Consider the following metric for a 3-dimensional, static and rotationally symmetric Lorentzian manifold:

$$d s^{2}=r^{-2}\left(-d t^{2}+d r^{2}\right)+r^{2} d \theta^{2}$$

(a) Write down a Lagrangian $\mathcal{L}$ for arbitrary geodesics in this metric, if the geodesic is affinely parameterized with respect to $\lambda$. What condition may be imposed to distinguish spacelike, timelike, and null geodesics?

(b) Find the three constants of motion for any geodesic.

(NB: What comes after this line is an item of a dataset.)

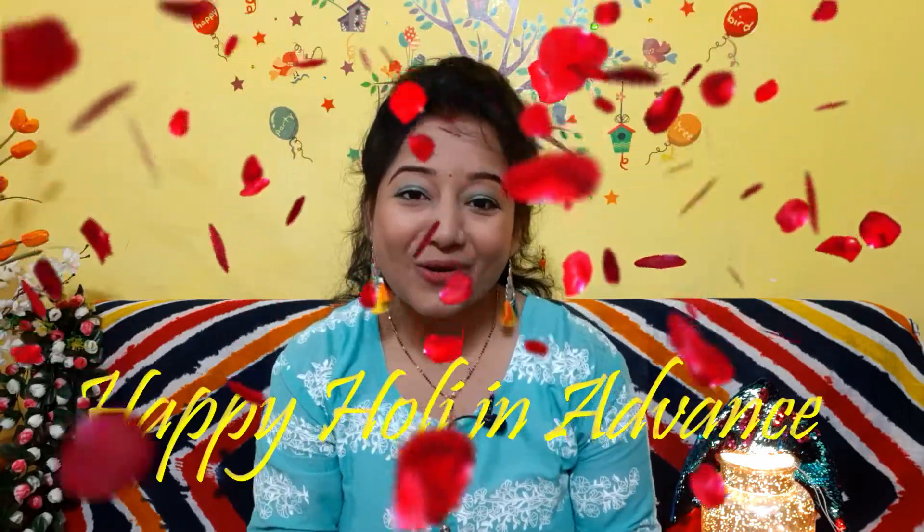So friends, that's all for today. Keep all these things in mind and enjoy your Holi. Happy Holi to all of you in advance. Don't forget to DM me — how did you feel about the whole video and these tips and tricks? Until next time, I will see you next time. Bye.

(c) Two observation stations are sitting at radii $r=R$ and $r=2 R$ respectively, and at the same angular coordinate. Each is accelerating so as to remain stationary with respect to time translations. At $t=0$ a photon is emitted from the naked singularity at $r=0$.

(i) At what time $t_{1}$ does the photon reach the inner station?

(ii) Express the frequency $\nu_{2}$ of the photon at the outer station in terms of the frequency $\nu_{1}$ at the inner station. Explain whether the photon is redshifted or blueshifted as it travels.

(d) Consider a complete (i.e. infinite in both directions) spacelike geodesic on a constant- $t$ slice with impact parameter $b=r_{\min }>0$. What is the angle $\Delta \theta$ between the two asymptotes of the geodesic at $r=\infty$ ? [You need not be concerned with the sign of $\Delta \theta$ or the periodicity of the $\theta$ coordinate.]

[Hint: You may find integration by substitution useful.]